> _Supplied information_:

▼

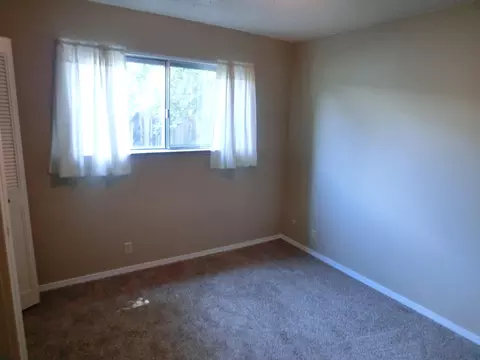 2403 Capella St, Redding, CA 96002 photo 7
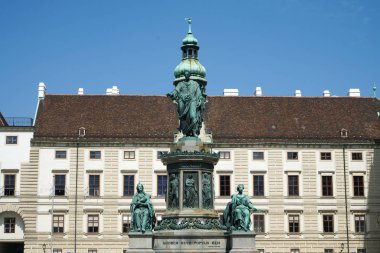 Francis Il 'in heykeli, Amorem Meum Populis Meis. Hofburg Viyana 'sındaki avlu meydanında Kutsal Roma İmparatoru..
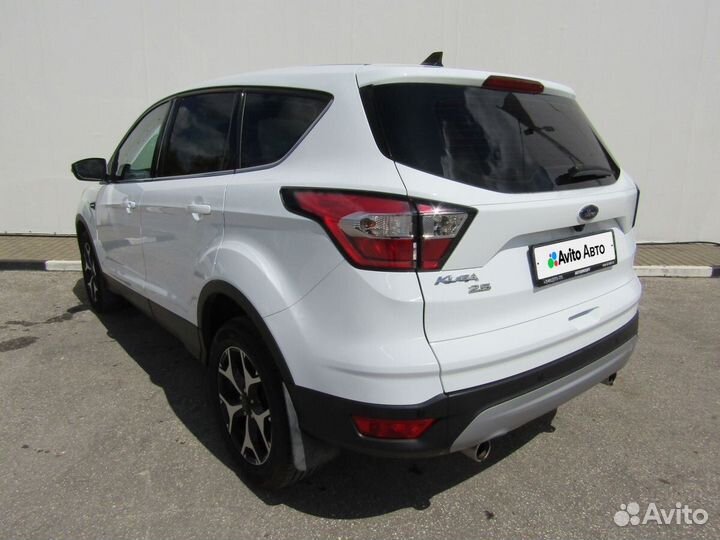 Ford Kuga 2.5 AT, 2017, 199 500 км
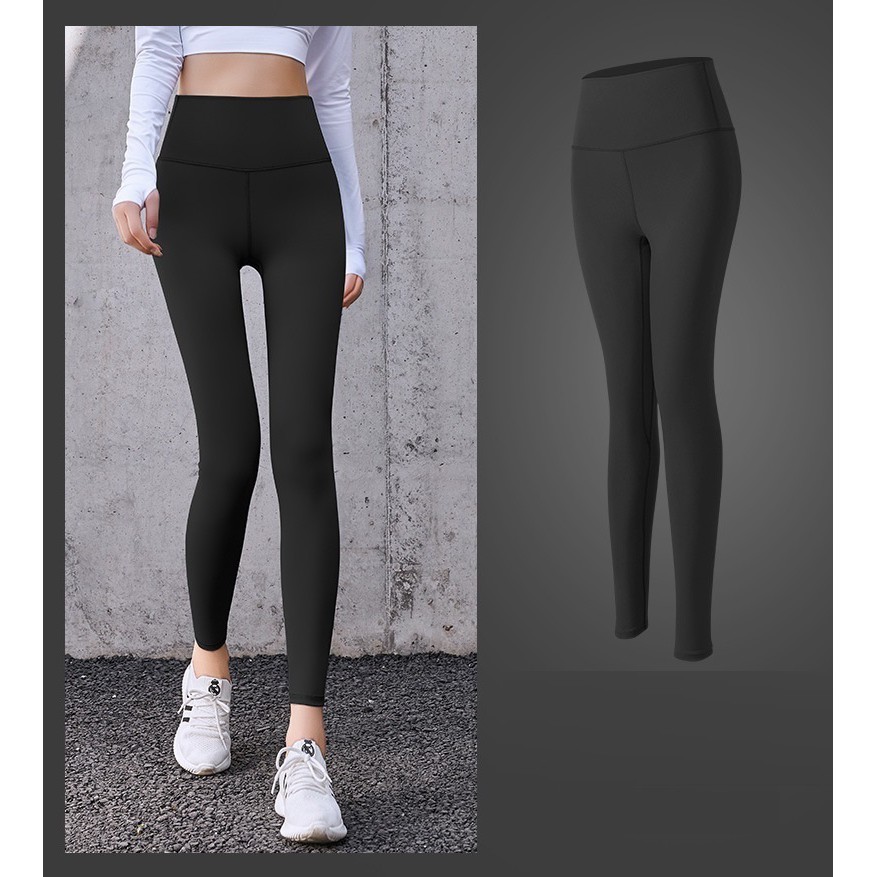 Bộ đồ tập gym nữ 2 món, áo croptop có mút đệm và quần ôm body, tôn dáng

▲

> _Task to carry out_:
Everything but the pictures is needed: copy the data above exactly.

> _Reply to the task_:
 2403 Capella St, Redding, CA 96002 photo 7
 Francis Il 'in heykeli, Amorem Meum Populis Meis. Hofburg Viyana 'sındaki avlu meydanında Kutsal Roma İmparatoru..
 Ford Kuga 2.5 AT, 2017, 199 500 км
 Bộ đồ tập gym nữ 2 món, áo croptop có mút đệm và quần ôm body, tôn dáng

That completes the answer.